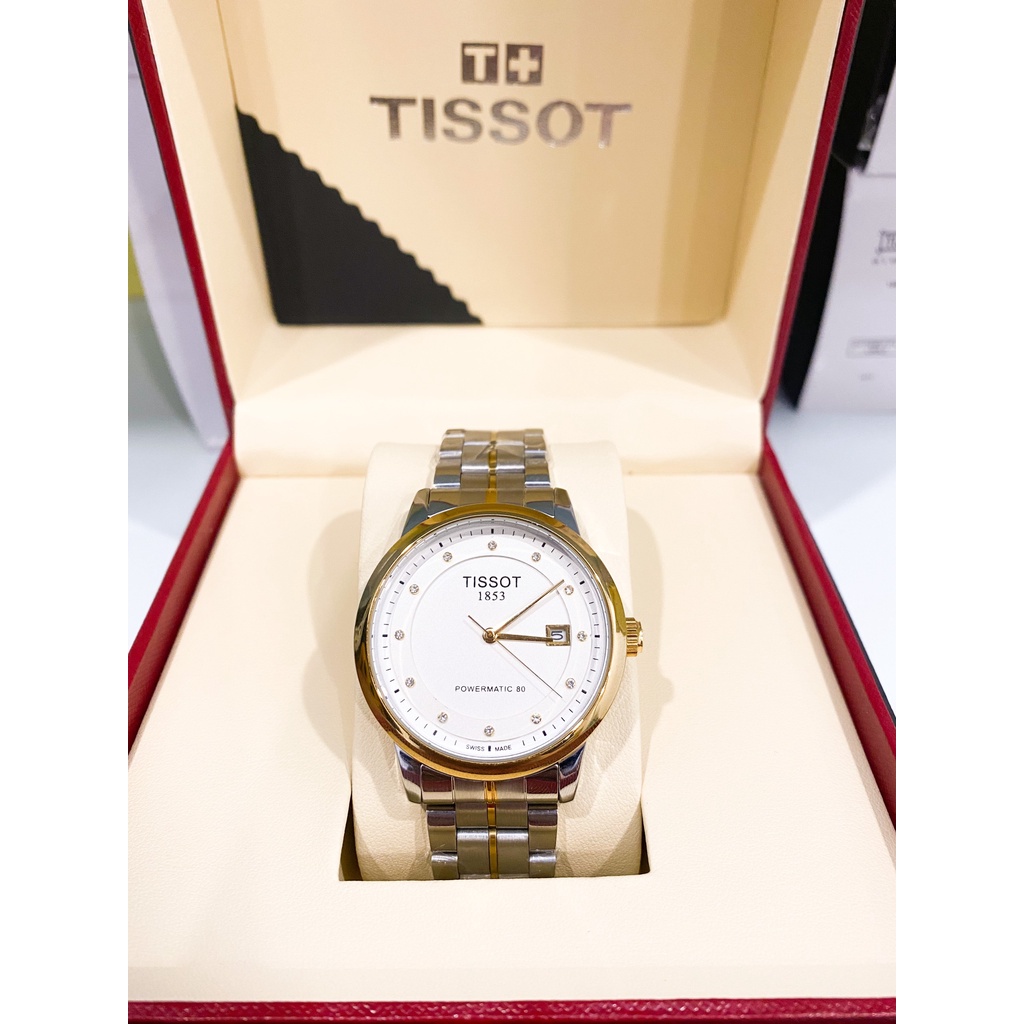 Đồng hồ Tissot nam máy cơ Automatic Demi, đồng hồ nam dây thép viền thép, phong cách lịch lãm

--------------------------------------------------

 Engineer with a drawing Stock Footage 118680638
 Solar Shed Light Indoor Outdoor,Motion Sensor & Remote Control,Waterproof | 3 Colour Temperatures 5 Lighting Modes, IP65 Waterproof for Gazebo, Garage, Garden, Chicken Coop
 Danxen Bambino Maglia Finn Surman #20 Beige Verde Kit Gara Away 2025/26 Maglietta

--------------------------------------------------

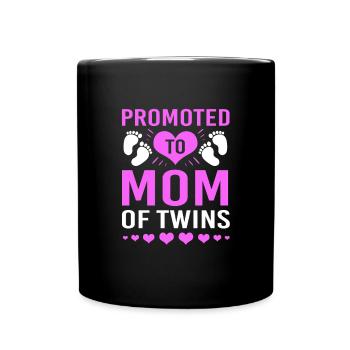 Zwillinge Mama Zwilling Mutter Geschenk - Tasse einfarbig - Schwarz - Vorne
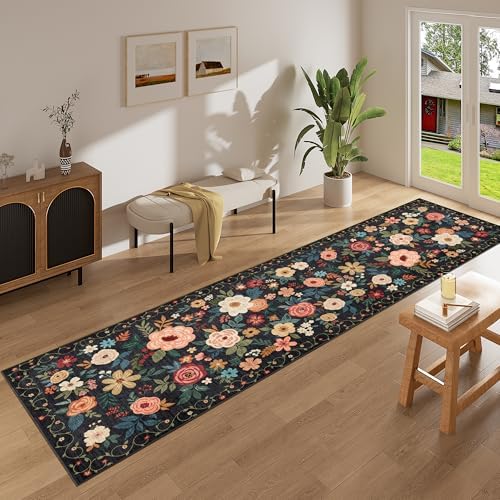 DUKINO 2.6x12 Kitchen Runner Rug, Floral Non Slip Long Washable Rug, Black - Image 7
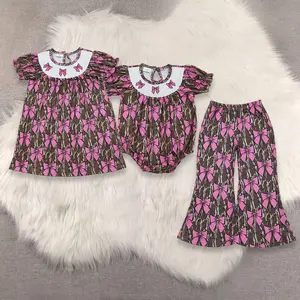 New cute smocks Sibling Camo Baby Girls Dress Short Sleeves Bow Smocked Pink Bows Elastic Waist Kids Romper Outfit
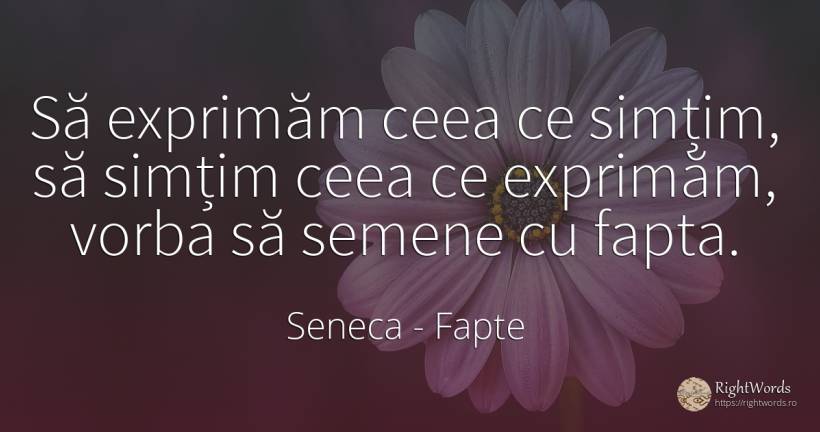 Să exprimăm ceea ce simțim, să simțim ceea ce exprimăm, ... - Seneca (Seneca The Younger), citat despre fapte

--------------------------------------------------

--- Try it ---
With the pictures removed, print only the lines starting at the line that has "DUKINO 2.6x12 Kitchen" and ending at the line that has "Să exprimăm ceea", both ends included, exactly as they stand above.

--- Response below ---
 DUKINO 2.6x12 Kitchen Runner Rug, Floral Non Slip Long Washable Rug, Black - Image 7
 New cute smocks Sibling Camo Baby Girls Dress Short Sleeves Bow Smocked Pink Bows Elastic Waist Kids Romper Outfit
 Să exprimăm ceea ce simțim, să simțim ceea ce exprimăm, ... - Seneca (Seneca The Younger), citat despre fapte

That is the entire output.